Beginning with the line that holds "Used 2018 Toyota Highlander XLE FWD image 9", set down each line of the data below through the very last, exactly as given, and nothing beyond that.

—————

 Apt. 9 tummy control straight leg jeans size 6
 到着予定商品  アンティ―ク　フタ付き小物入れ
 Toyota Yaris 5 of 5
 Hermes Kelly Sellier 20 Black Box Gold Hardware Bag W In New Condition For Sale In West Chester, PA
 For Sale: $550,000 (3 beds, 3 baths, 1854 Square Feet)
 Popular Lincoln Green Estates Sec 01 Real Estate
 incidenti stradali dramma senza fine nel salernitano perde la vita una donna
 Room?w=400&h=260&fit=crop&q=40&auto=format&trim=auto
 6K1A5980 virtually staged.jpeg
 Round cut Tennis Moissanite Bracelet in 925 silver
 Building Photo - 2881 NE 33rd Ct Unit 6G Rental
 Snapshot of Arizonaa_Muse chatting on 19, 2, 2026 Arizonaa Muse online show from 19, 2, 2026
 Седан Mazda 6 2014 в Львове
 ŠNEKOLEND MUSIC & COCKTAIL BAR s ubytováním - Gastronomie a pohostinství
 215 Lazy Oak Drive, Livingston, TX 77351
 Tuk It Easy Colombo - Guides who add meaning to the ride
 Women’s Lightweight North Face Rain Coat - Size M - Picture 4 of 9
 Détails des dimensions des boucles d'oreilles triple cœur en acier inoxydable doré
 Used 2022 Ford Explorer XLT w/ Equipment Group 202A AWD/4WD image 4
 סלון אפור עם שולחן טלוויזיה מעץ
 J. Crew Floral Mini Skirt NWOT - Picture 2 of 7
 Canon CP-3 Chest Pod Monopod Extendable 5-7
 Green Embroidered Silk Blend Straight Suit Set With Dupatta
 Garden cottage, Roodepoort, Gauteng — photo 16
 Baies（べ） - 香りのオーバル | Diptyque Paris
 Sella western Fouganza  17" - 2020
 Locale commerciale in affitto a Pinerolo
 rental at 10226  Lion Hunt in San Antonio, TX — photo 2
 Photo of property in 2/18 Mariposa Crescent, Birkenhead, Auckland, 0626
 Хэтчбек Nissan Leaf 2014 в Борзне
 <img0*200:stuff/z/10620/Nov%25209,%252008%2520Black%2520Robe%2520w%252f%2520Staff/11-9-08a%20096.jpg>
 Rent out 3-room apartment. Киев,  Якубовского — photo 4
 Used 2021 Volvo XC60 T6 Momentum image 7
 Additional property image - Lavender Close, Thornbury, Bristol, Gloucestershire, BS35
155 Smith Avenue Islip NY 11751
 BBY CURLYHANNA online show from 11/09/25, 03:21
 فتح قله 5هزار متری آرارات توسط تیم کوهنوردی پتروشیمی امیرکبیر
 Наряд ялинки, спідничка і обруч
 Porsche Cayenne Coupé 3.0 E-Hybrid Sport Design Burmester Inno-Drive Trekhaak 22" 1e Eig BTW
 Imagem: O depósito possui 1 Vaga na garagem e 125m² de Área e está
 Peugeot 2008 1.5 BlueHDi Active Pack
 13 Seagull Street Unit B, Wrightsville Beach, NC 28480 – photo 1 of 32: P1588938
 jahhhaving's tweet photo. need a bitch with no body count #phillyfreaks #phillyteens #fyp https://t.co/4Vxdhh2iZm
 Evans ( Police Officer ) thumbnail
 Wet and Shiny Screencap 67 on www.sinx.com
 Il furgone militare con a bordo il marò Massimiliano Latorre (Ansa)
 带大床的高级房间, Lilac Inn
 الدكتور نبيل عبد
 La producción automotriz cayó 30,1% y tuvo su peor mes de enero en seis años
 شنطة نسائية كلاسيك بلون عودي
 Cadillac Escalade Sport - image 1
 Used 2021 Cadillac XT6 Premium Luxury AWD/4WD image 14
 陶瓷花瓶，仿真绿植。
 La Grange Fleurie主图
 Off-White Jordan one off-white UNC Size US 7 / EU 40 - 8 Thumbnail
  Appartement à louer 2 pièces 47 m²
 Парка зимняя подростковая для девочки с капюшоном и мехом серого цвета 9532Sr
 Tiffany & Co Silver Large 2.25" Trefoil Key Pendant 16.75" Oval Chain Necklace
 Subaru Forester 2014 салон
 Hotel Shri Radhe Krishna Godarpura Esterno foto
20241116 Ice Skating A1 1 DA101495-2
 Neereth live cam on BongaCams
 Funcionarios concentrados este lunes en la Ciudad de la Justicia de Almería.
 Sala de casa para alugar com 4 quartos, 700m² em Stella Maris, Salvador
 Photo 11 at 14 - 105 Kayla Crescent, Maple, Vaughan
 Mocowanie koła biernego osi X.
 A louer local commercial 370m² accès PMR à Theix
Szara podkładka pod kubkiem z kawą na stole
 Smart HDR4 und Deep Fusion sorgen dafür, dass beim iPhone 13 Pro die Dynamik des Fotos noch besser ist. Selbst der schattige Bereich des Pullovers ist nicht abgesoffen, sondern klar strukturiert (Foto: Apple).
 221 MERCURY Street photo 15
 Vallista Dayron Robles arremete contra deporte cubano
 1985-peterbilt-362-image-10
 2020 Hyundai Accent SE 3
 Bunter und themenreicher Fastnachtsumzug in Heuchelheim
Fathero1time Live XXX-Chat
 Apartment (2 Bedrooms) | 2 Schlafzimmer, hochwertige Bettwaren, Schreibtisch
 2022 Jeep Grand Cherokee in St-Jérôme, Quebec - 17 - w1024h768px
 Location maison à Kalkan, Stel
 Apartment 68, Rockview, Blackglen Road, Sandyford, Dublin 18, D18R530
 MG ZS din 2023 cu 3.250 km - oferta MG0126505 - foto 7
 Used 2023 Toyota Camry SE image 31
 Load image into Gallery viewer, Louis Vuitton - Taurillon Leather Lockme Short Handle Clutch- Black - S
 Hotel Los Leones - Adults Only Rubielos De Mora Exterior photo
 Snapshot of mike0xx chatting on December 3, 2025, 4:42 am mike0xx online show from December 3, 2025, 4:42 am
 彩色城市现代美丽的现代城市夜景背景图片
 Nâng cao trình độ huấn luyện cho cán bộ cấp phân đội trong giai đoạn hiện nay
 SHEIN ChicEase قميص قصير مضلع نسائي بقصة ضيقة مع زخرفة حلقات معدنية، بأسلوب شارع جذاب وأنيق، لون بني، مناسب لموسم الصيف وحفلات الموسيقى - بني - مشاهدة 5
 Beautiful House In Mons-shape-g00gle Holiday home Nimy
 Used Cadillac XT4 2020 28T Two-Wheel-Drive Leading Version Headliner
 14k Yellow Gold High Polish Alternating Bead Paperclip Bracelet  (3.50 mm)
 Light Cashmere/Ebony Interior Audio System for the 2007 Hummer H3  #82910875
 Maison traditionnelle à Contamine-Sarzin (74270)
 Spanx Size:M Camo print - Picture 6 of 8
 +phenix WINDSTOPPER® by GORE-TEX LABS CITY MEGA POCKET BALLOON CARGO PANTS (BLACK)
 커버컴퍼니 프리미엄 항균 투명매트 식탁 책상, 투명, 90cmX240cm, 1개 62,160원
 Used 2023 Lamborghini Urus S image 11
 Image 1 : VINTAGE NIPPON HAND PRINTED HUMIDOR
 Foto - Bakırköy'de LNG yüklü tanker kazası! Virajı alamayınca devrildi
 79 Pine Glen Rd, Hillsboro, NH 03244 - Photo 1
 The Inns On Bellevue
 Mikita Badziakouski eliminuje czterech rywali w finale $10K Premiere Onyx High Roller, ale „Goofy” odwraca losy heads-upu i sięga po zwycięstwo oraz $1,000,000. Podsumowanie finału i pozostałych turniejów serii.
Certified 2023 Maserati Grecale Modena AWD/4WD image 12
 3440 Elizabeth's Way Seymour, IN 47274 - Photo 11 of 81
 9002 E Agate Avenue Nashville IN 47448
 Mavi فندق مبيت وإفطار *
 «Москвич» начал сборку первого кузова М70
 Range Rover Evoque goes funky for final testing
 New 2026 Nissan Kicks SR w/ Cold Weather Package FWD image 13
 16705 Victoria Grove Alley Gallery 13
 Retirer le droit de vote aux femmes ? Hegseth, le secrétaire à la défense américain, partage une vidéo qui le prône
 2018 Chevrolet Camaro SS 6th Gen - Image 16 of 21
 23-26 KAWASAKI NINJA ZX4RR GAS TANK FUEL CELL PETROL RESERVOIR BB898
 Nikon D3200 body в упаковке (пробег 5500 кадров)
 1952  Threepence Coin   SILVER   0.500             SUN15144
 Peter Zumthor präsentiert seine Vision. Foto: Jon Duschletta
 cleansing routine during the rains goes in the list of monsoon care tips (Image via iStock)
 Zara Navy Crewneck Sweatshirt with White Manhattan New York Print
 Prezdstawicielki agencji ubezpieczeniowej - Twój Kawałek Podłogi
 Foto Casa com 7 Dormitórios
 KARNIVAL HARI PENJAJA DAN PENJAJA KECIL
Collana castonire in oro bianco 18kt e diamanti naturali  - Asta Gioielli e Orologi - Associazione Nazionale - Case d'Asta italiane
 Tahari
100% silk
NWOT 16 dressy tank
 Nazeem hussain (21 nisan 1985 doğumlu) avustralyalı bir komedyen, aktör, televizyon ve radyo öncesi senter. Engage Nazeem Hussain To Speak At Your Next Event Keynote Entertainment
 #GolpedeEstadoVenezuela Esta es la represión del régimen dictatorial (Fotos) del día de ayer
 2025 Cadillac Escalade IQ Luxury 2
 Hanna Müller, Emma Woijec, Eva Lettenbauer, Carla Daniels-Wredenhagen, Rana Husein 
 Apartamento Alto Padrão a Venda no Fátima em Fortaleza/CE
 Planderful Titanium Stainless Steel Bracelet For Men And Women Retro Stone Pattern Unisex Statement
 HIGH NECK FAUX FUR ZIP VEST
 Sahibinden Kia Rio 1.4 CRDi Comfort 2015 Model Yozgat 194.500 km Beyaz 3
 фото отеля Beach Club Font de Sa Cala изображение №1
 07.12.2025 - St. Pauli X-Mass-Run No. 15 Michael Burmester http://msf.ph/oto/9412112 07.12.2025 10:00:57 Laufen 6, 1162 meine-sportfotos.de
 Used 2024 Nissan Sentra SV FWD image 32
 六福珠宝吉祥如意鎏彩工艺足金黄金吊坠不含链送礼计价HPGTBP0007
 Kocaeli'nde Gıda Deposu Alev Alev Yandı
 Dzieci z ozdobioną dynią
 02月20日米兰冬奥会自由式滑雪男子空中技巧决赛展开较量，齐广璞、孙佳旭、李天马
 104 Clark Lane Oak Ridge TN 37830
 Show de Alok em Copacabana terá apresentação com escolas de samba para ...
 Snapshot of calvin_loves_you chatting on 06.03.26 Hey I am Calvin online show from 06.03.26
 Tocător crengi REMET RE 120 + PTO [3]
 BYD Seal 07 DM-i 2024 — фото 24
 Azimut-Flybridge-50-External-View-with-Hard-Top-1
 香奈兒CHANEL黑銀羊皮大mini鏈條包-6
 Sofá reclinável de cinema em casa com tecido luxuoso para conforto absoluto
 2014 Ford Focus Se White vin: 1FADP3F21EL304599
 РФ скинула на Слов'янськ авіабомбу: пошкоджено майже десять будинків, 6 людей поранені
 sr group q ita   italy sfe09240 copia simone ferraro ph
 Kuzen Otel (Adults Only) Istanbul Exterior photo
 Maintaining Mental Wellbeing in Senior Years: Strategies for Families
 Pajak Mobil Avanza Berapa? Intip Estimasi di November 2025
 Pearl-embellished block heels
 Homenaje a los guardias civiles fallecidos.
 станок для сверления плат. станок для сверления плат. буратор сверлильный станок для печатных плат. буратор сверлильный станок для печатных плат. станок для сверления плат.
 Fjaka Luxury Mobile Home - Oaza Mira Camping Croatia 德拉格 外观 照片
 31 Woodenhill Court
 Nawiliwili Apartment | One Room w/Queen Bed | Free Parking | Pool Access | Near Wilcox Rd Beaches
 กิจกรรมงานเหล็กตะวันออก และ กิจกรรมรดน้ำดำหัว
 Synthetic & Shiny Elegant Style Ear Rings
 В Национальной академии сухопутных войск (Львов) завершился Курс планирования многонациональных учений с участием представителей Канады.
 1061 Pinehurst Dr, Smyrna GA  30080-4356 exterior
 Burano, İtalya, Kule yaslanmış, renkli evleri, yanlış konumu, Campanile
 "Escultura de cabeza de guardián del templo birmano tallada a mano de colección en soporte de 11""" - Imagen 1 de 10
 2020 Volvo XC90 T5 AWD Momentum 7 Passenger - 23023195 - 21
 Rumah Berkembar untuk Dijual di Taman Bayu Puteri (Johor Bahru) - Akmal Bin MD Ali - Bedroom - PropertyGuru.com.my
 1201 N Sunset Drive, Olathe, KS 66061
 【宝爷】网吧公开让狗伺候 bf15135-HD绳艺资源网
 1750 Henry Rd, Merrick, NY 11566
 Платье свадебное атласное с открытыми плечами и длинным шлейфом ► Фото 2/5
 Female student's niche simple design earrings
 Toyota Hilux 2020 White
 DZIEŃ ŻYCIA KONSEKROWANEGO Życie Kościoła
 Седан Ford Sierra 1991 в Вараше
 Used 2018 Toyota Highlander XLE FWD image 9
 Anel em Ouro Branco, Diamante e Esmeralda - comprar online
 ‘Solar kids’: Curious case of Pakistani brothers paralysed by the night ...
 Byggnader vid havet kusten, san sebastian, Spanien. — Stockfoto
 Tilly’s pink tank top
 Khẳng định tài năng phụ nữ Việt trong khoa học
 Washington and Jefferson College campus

—————

# Result of the task:
 Used 2018 Toyota Highlander XLE FWD image 9
 Anel em Ouro Branco, Diamante e Esmeralda - comprar online
 ‘Solar kids’: Curious case of Pakistani brothers paralysed by the night ...
 Byggnader vid havet kusten, san sebastian, Spanien. — Stockfoto
 Tilly’s pink tank top
 Khẳng định tài năng phụ nữ Việt trong khoa học
 Washington and Jefferson College campus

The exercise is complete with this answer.